Computer issues, lack of time, pending deadlines, tough parenting moments and a dirty house have done a pretty good job over the last few days in stirring up my heart. Add in health insurance woes and election day worries and tomorrow’s problems, too, could easily keep me in a tailspin.
Do not be anxious… Fear not… I am the Lord…
These bits of verses drift into my mind, but haven’t yet settled my soul. I still feel hurried, unsettled, restless and overwhelmed.
Be Still…
I sit down in my chair with only his Word and even that is hard. I haven’t done this in too many days. Taking things into my own hands can seem like the more productive path, and I realize I didn’t even think to pray. No wonder I’m vulnerable to the day’s circumstances pushing truth aside. My mind has been set on what I see, instead of the One who orders it all.
But I’m not alone. Over and over again in his word, his people cry out. They feel forgotten, overwhelmed and afraid. They are under attack.
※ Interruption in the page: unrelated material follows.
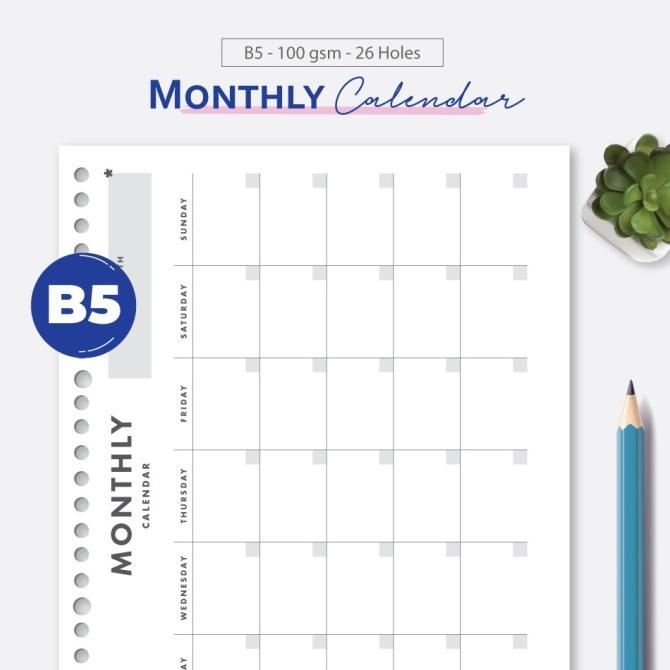 

New Loose leaf B5 - Monthly Calendar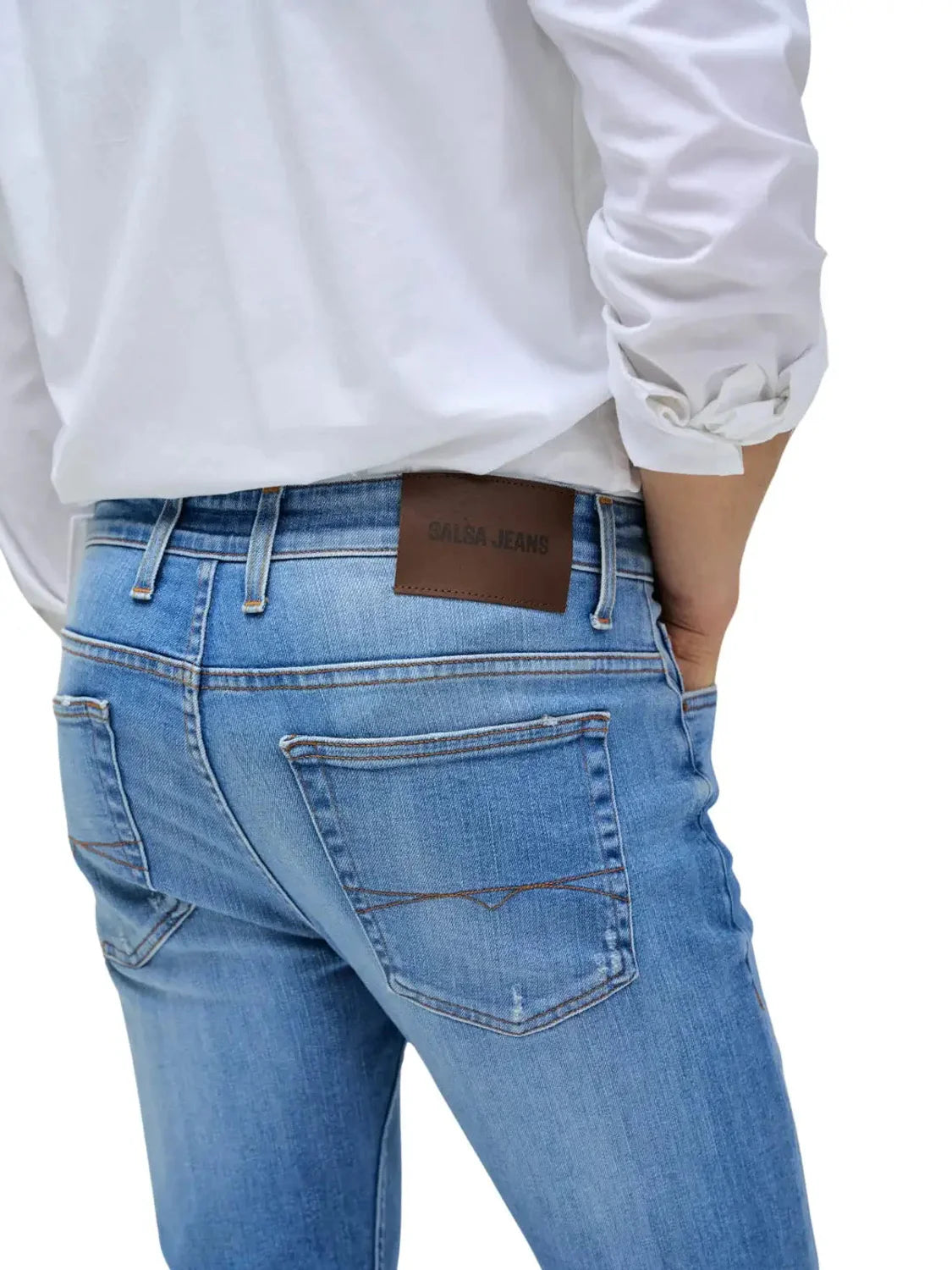 Vaqueros Salsa Jeans Slim Ligeros Rotos Azul | Bicos de Fío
The see evil prosper and wonder where God is and why he isn’t doing something about it.
And over and over again he reminds me through his word what Abraham and the Israelites, King David and so many more found to be true…
I am with you. I am for you. I will never leave you or forsake you. I am your shield and sword. I am your rock and fortress. I am your deliverer. I am your righteousness. I am your rescuer. I am your shepherd. I am your strength. I am your God. I will fight for you. I AM.
We may not understand all the whys or the ways of God, but we can know who. Who he was yesterday, is today and will be tomorrow never changes. The same God who allowed corrupt kings to rule and evil people to prosper worked his good and perfect will then and does now too.
So on this Election Day Eve – a day that a year ago we looked forward to with hope, we now (all of us from all sides, I think) wonder what is going to happen and how bad is it going to get. But as I’ve been discovering this week, the more I focus on those unknown, uncontrolled questions, the more I fear. When I turn my heart to reflect on who he is instead, my mind can fill with the kind of peace that surpasses understanding and circumstances.
Therefore on Wednesday morning when we wake no matter how bad our future seems, God will still be on his throne. And tomorrow if I turn on my computer and the backup failed, God will still be on his throne.